I guess Alabama is the only team that is disappointed when they don't make the championship game.


----------



## bamaboy (Jul 25, 2014)

SpotandStalk said:


> I guess Alabama is the only team that is disappointed when they don't make the championship game.



I am sure they are not but come on, you think some team like Mississippi State or Ole Miss expects to make a NC game every season?


----------



## Madsnooker (Jul 25, 2014)

bamaboy said:


> Nick Saban expects %110 all the time, .



Then he failed miserably against OU. You can't have it both ways!!!!!!!! 

That's what's so lame about bama fans argument. They want everyone to believe he is so detailed that even practices are like game day. LOSING is not ok and on and on. Then we are expected to believe (after a loss ironically) that unless its the NC game than you can throw all that out the window? I say hogwash. Take your beating and shut your mouth (Im talking about Saban). To come out with that drivel he had is disrespectful to OU and the Sugar bowl.


----------



## Madsnooker (Jul 25, 2014)

RipperIII said:


> They had not played for anything of any significance since the SEC debacles in the BCS NC bowls either...a key point you seem to let slip by...it's all about "expectations"...BAMA expects to be the NC every year...if not, it's a disappointment...That fact is difficult to accept by lesser teams/fans/ mere mortals...



This is not directly at you Rip just bama fans in general.

What you Bama fans fail to realize, that whether any other team has just won NC's, there are teams that feel the season is a bust, if they don't make it to the NC game.
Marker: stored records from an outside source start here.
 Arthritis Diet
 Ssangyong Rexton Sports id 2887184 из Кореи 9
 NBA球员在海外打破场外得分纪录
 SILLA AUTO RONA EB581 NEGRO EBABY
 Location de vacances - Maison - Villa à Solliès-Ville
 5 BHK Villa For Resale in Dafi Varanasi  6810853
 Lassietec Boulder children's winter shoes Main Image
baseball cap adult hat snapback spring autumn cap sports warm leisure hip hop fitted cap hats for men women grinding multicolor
OSU is one of those teams. Your a fool if you think Meyer, or his players, where devastated after the MIch St loss only because they were not going to the Rose bowl. As a mater of fact, today on ch91, one of the hosts commented on how surprised he was at how intense spring practices were while he was there in person. He said Meyer was still bothered by how the season ended without a chance to play in the NC game. He made no comment about missing the Rose bowl, or worse, degrading Clemsons win by saying OSU was missing their best Dlineman, cornerback and safety and more importantly, would have rather been in the NC game so they were not totally motivated. 

I think that is why so many hate on Bama is because the fans act so high and mighty that they actually believe they are better than anyone else and they are the only team that can use the argument they do about losing. Thru a big part of the BCS era, Bama was a joke and NOBODY cared about that dumpster fire. If Saban hadn't arrived my money says you would still be bad and losing to teams like UL Monroe or whoever that was. 
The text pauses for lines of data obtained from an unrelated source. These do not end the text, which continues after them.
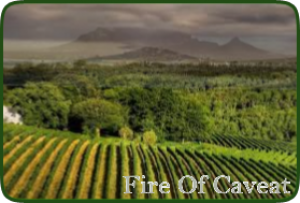Fire of Caveat - Part 7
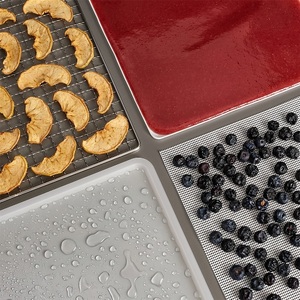 Дегидратор Meyvel MDH14-2S (Black), фото 38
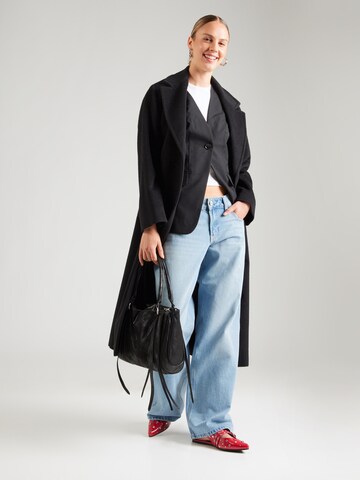 HOLLISTER Baggy Джинсы 'NEWPORT' в Синий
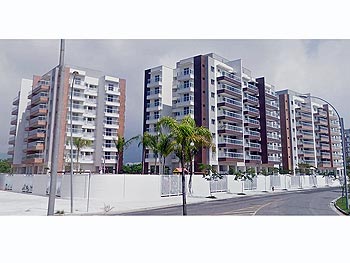 Apartamento em leilão - Rua Paulo Moura, 101 - Rio de Janeiro/RJ - Bassi Incorporação | Z13308LOTE004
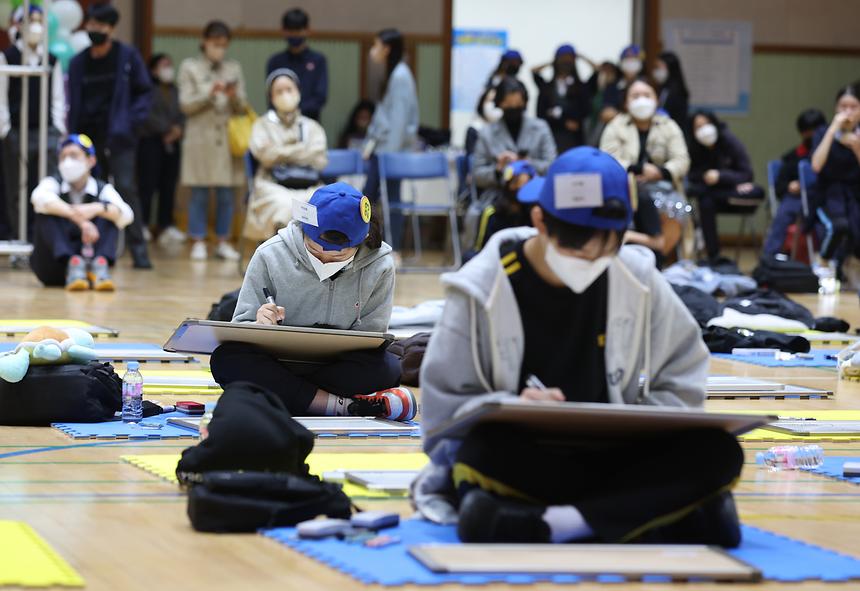 ‘도전! 영어 골든벨’ - 4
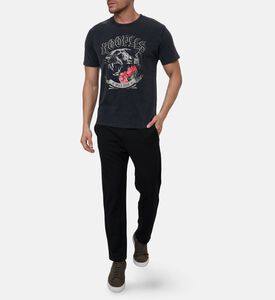 The Kooples Ts Mc, Model View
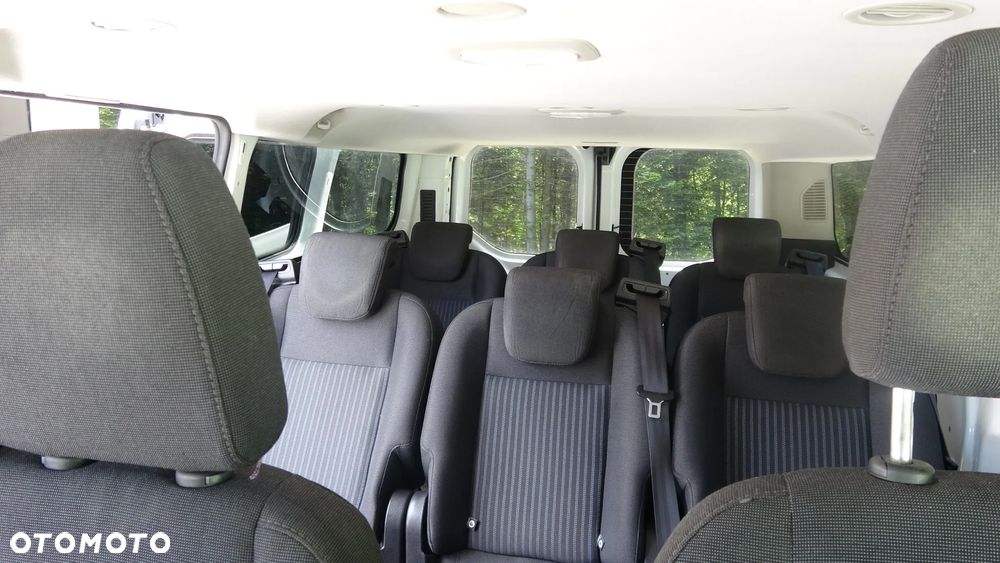 Ford Transit Custom 290 L2H1 Limited - 32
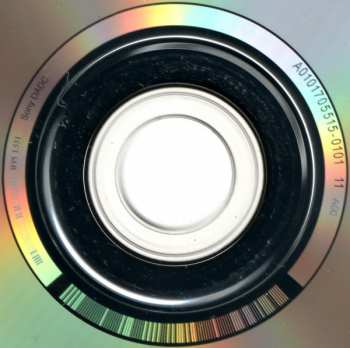 CD Ava Inferi: Onyx LTD
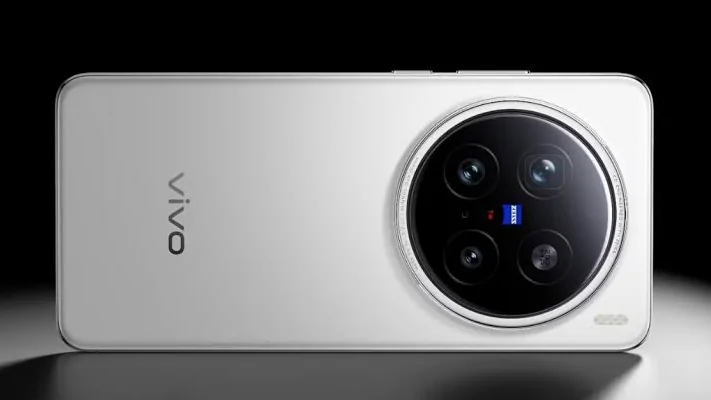 vivo X300 เผยสเปกเต็ม ก่อนเปิดตัว 13 ตุลาคมนี้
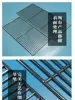 HQ GM01 Stainless Steel Food Grade 15/35/40/45/50/60/70/80/100CM Rectangle BBQ Charcoal Grate Barbecue Grill Wire Grid Mesh Net 6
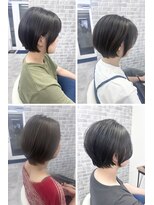 ノイ(Noy)&nbsp;大人ショート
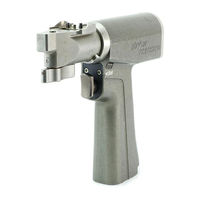Stryker Precision 6209-000-000 Instructions For Use Manual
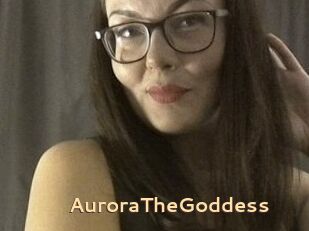 AuroraTheGoddess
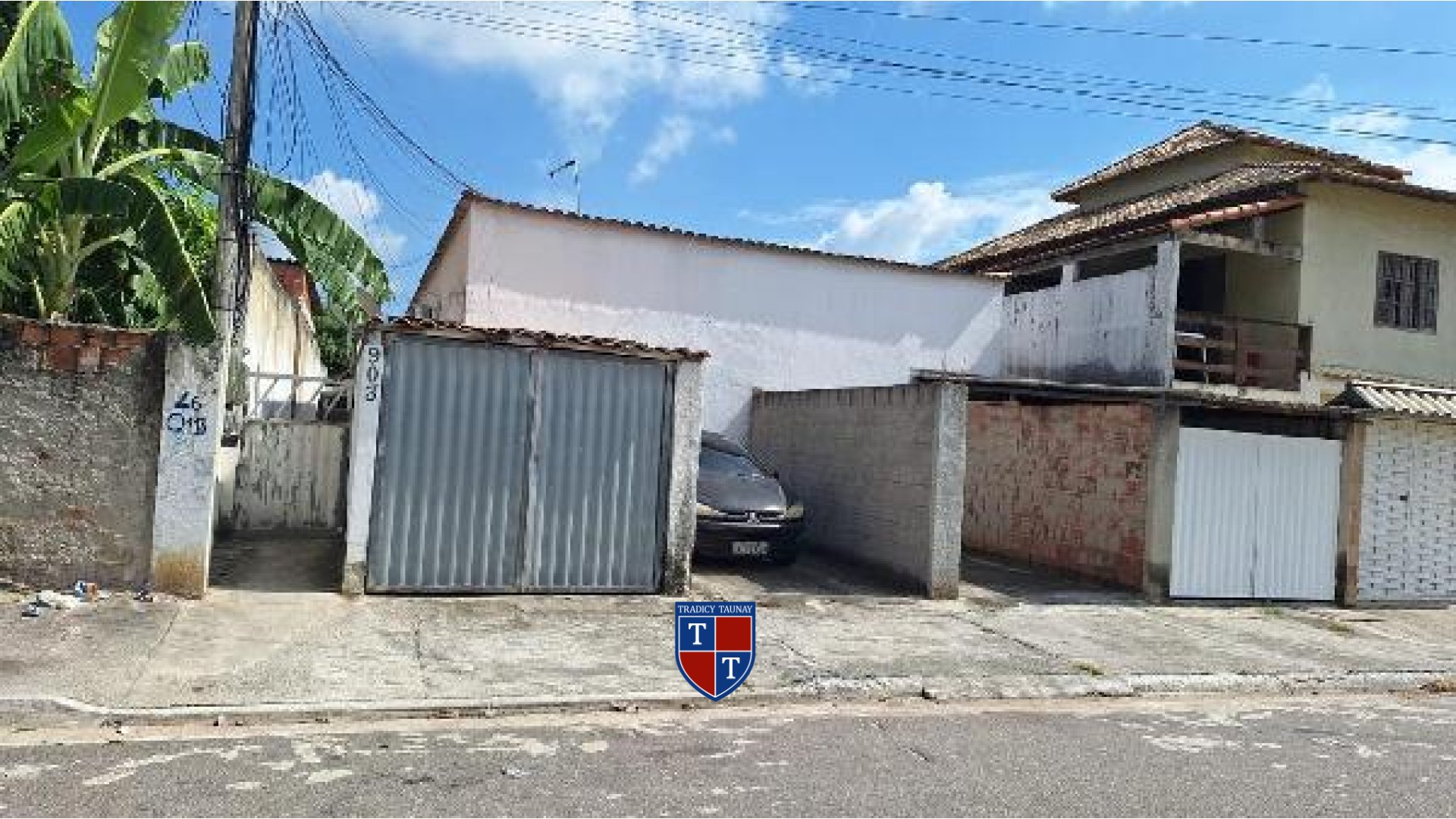 Foto 1 de CASA em JARDIM CATARINA - Imóvel Retomado Caixa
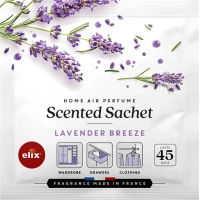 Ароматичне саше Elix Lavender Breeze (5907100190097)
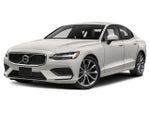 2022 Volvo S60 B5 AWD Inscription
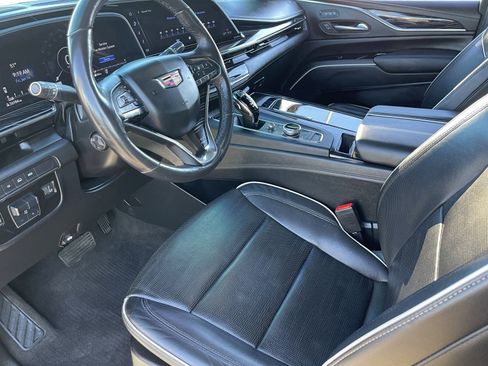 Used 2023 Cadillac Escalade Sport image 19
Bama fan, enjoy the Saban era and quit acting like a baby when you lose a game, or, 2 in a row!!!


----------



## Silver Britches (Jul 25, 2014)

Madsnooker said:


> Then he failed miserably against OU. You can't have it both ways!!!!!!!!
> 
> That's what's so lame about bama fans argument. They want everyone to believe he is so detailed that even practices are like game day. LOSING is not ok and on and on. Then we are expected to believe (after a loss ironically) that unless its the NC game than you can throw all that out the window? I say hogwash. Take your beating and shut your mouth (Im talking about Saban). To come out with that drivel he had is disrespectful to OU and the Sugar bowl.



That's right, Madsnooks! You tell them boys! The mighty Alabama football team got spanked by the Sooners that night. Stoops and Oklahoma bullied Bama before, during, and after that game. No question about it! 
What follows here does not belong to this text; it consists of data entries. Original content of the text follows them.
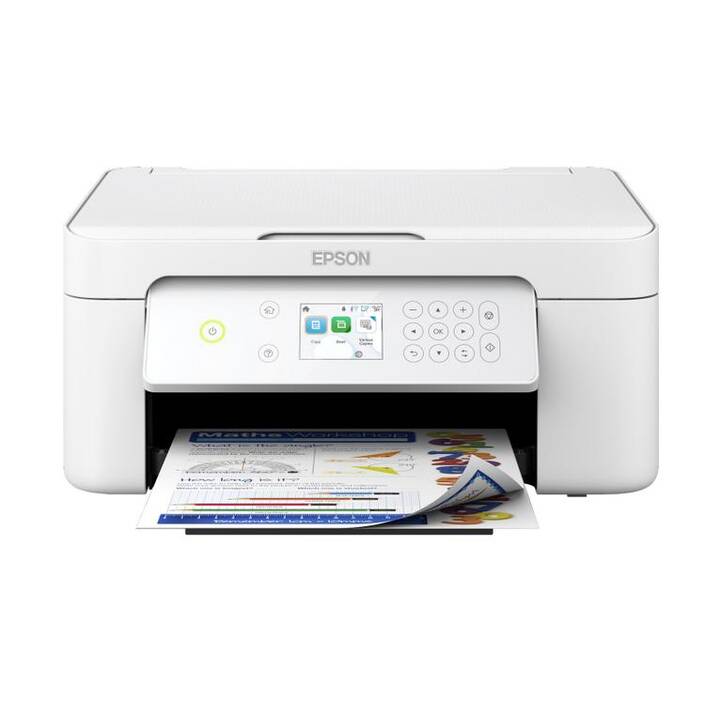 EPSON Expression Home XP-4205 (Stampante a getto d'inchiostro, Colori, WLAN)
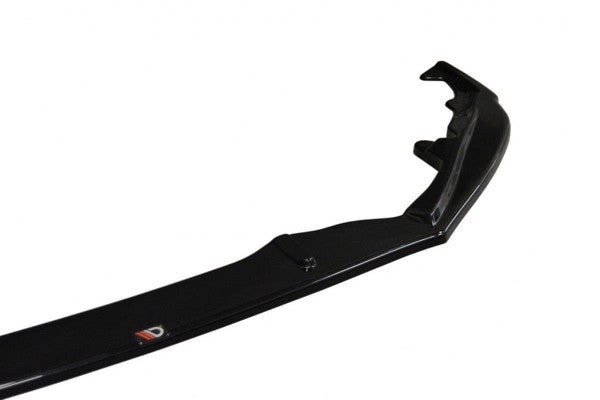 Maxton Front Splitter V.1 Lexus Ct Mk1 Facelift - Gloss Black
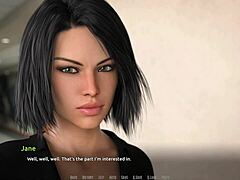 teen babe says 'goodbye forever' in rockstar roleplay game.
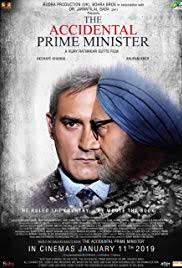 The Accidental Prime Minister filmywap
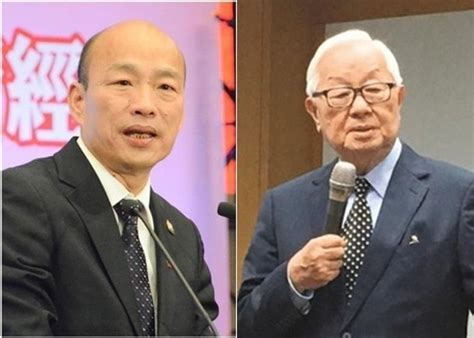 在全世界的半導體業，鮮少人不知道morris chang ── 「張忠謀」。 start by marking 張忠謀自傳 上冊 as want to read 傳韓國瑜欲邀台積電始創人張忠謀當大選副手｜即時新聞｜兩岸｜on.cc東網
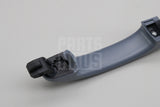 VW Transporter T6.1  front exterior door handle (Primed) 7LA837205 GRU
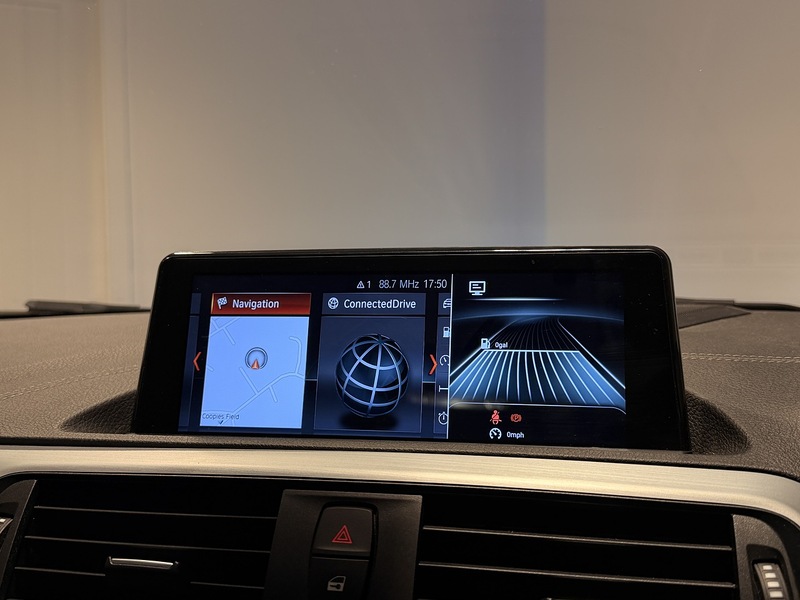 BMW 1 Series M140i Shadow Edition - U216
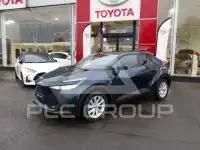 2025 Toyota Dyna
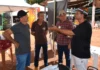 Barracão avança para licitação com recurso destinado por Ezequiel Neiva em Espigão do Oeste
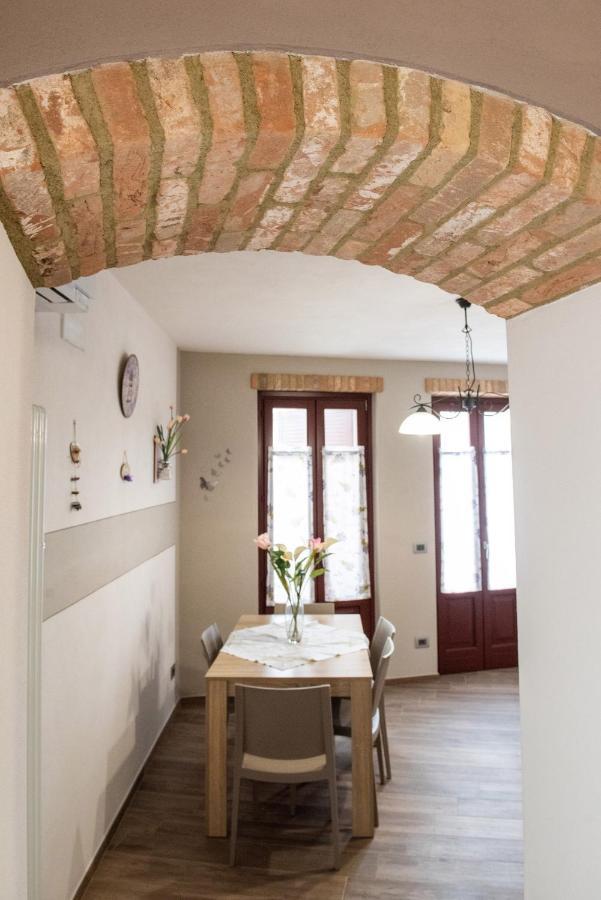 Il Cortiletto Verduno Exterior foto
Alabama has had a great run, and may very well continue to do so, but what goes around, eventually comes around. And it certainly came around for Bama in that game. Hopefully we'll see Bama get bullied a few more times this year! I love seeing Saban blow up like a 7-year-old girl that had her crayons snatched away from her. He also likes to take his anger out on the reporters when things don't go his way!

For the record, I don't care much for Bob Stoops, as he likes to run his mouth too much about the SEC. Now, I'd like to see another SEC school (besides Bama) return the beating to Oklahoma.

I feel better now! Thank you!


----------



## SpotandStalk (Jul 25, 2014)

bamaboy said:


> I am sure they are not but come on, you think some team like Mississippi State or Ole Miss expects to make a NC game every season?



No but I'm sure OU was disappointed as well but instead of poking their lips out they came out and played ball. 

Maybe those Bama boys are just spoiled.


----------



## flowingwell (Jul 25, 2014)

Don't you guys get it?  Bama only lost to auburn because of a lucky play and then weren't motivated to play Oklahoma so it really doesn't count either.  Now when the rest of us lose it is because of coaching, bad recruiting , poor execution, etc..  But it's different for bama because they want to win every game.  It makes total sense.


----------



## RipperIII (Jul 25, 2014)

SpotandStalk said:


> No but I'm sure OU was disappointed as well but instead of poking their lips out they came out and played ball.
> 
> Maybe those Bama boys are just spoiled.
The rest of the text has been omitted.